I have always said that RSOs that were adjudication withheld and can still vote should be a politicians worse nightmare
! also wonder what other things Book is involved in. Wouldn’t be surprised if all his anti-SO bluster is to cover up other corruption that would be far less favorable to the public.
Maybe he has interests in the ankle monitor company(ies) that sweet daughter Lauren is potentially helping with her new bills.
I totally agree, after living in 3 different states where he was a registered voter, my husband has been denied that right here in Florida. It is not only RSO’s that are being punished, it is their families that are also being branded along with them. The total count needs to add another few million people to the growing list that are affected by the registry. (Feel free to share my story)- I have been the sole support in my household since 2010, when my husband was promoted to manager and it was only then that his employer did a background check and fired him when they found out he was a convicted sex offender (he filled out the application that asked is he had been convicted of a felony in the past 10 years, which he had not. Two years ago I tried to get a job cleaning as a housekeeper after moving to Florida. I completed and went through background checks, two interviews, and then they checked multiple references before the owner told the agency I applied through that I was hired. The next day I received a call from the agency stating the owner, after using my home address she had found on my resume’, had gone online the night before, and using my address and finding my husband’s info online, she had changed her mind because my husband is an RSO! When I protested that his charge was from a conviction in 1990, long before I had married him (and of course, long before Megan’s law existed, and yes we joined the ex-post facto lawsuit) the agency rep agreed it wasn’t right, but she could do nothing. Thinking I should sue the owner for defamation of character, I realized the owner comes from old money and was/is an attorney who runs charities. and I’m just a poor, stupid woman who married a sex offender 11 years ago after falling in love, and now I get to share the label with him! I have a degree and many years of experience working in state government as a social worker. I was stupid enough to move to Florida, so now I apparently I am not fit for cleaning someone’s toilets.

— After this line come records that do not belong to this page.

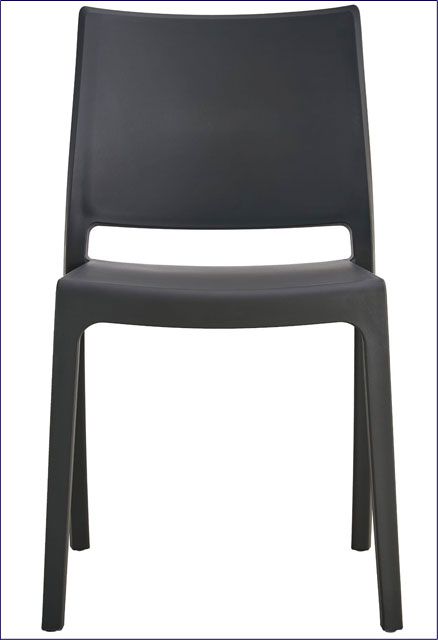 Czarne nowoczesne krzesło ogrodowe Guni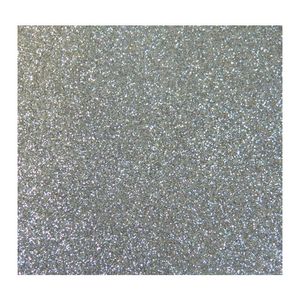 GOMA EVA 40x60 C/GLITTER PLATEADA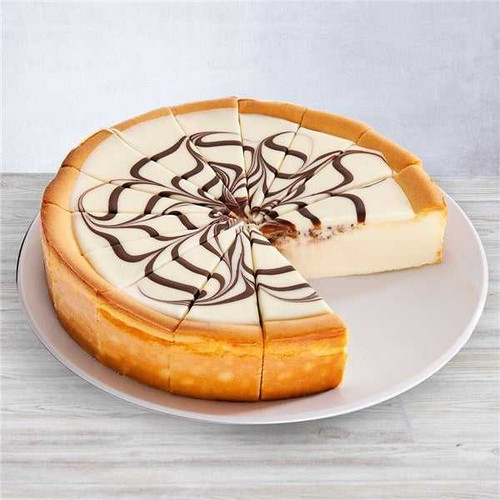 White Chocolate Swirl Cheesecake SendaMeal.com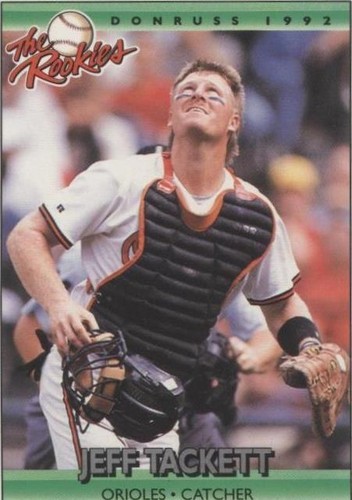 1992 Donruss The Rookies - Jeff Tackett #114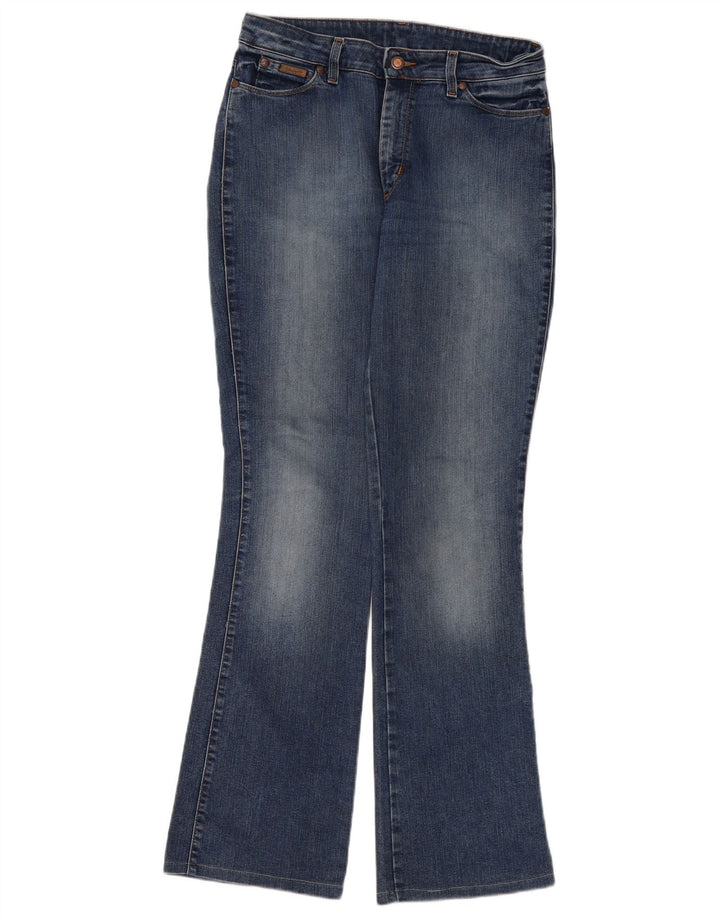 Damskie jeansy rozkloszowane Wrangler W32 L32 Niebieskie bawełniane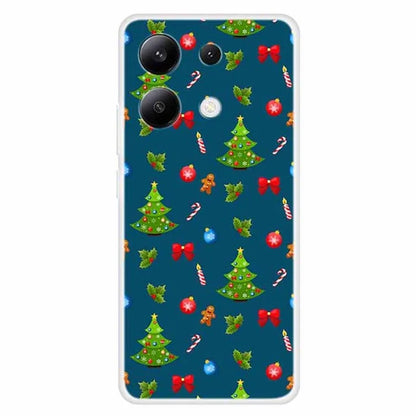 For Xiaomi Redmi Note 13 4G Case Soft TPU Phone Cover Merry Christmas Pattern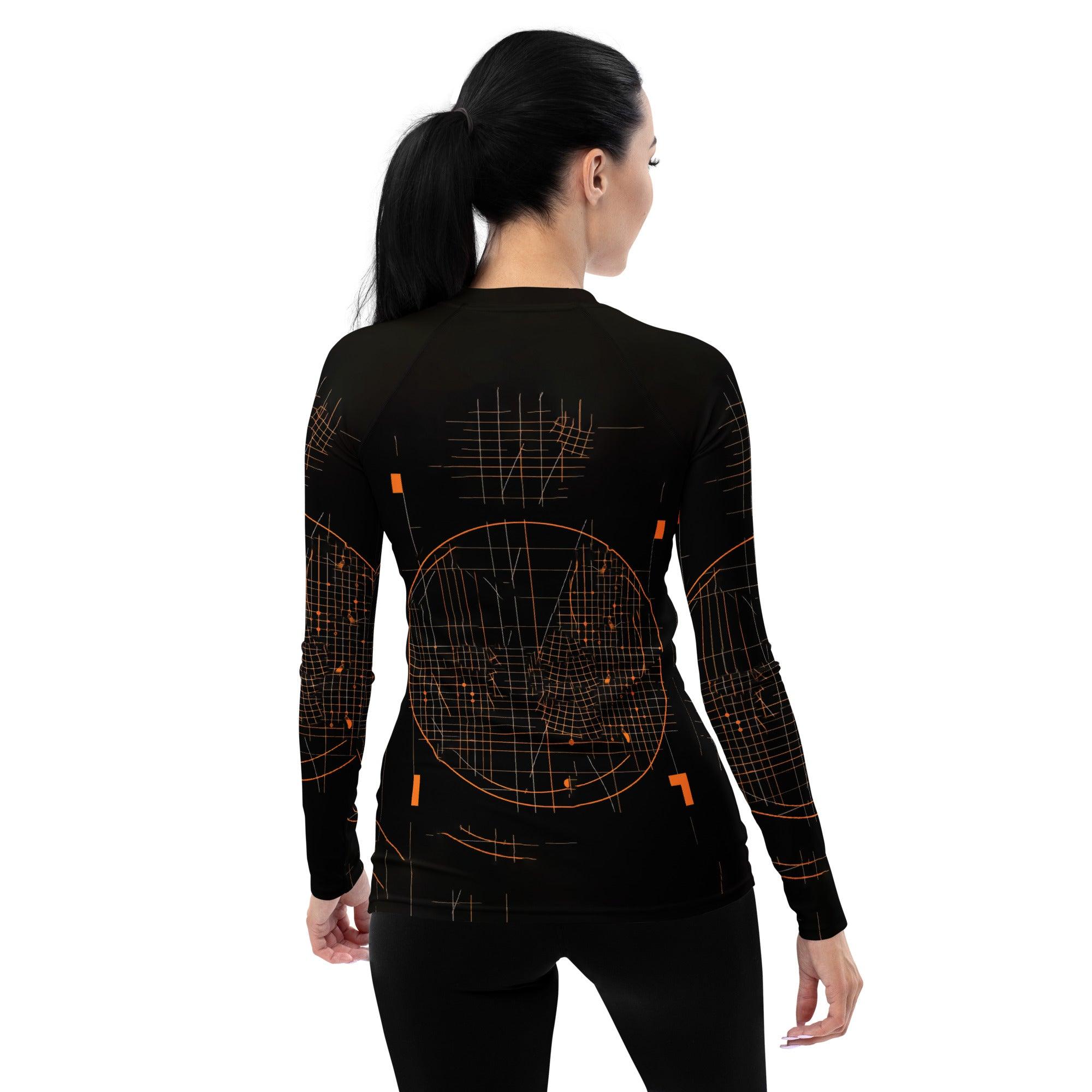 Rhythmic Feminine Dance Flair Women's Rash Guard - Beyond T-shirts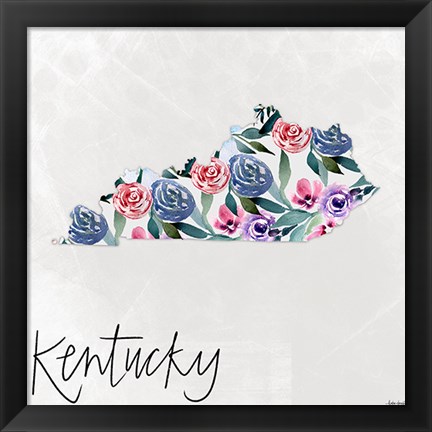 Framed Kentucky Print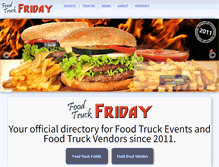 Tablet Screenshot of foodtruckfriday.com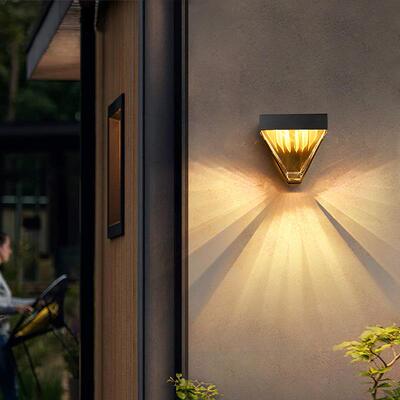 户外壁灯院约轻庭院阳奢简台灯别墅大门室402外花园子过道门口灯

Yep it makes sense you can beat a woman or child and get your rights back.. but if your a sex offender you have no rights the rest of your life.
As a RSO and former resident of Massachusetts, I just can’t fathom how backward and ridiculous Florida law is in regards to RSOs. In Massachusetts, there are three levels of supervision and the majority of RSOs are removed after 20 years, the registry is not readily available to the public except for Level 3 offenders, there are minimal restrictions on residency, and once the RSO has completed their “punishment” their civil rights are restored automatically. So, what is the problem? Massachusetts seems to be surviving just fine with (I suspect) close to the same number of RSOs as Florida. The cynic might say, “So move back.” I say I should be able to live in Florida and have the same “rights” as a Mass. citizen.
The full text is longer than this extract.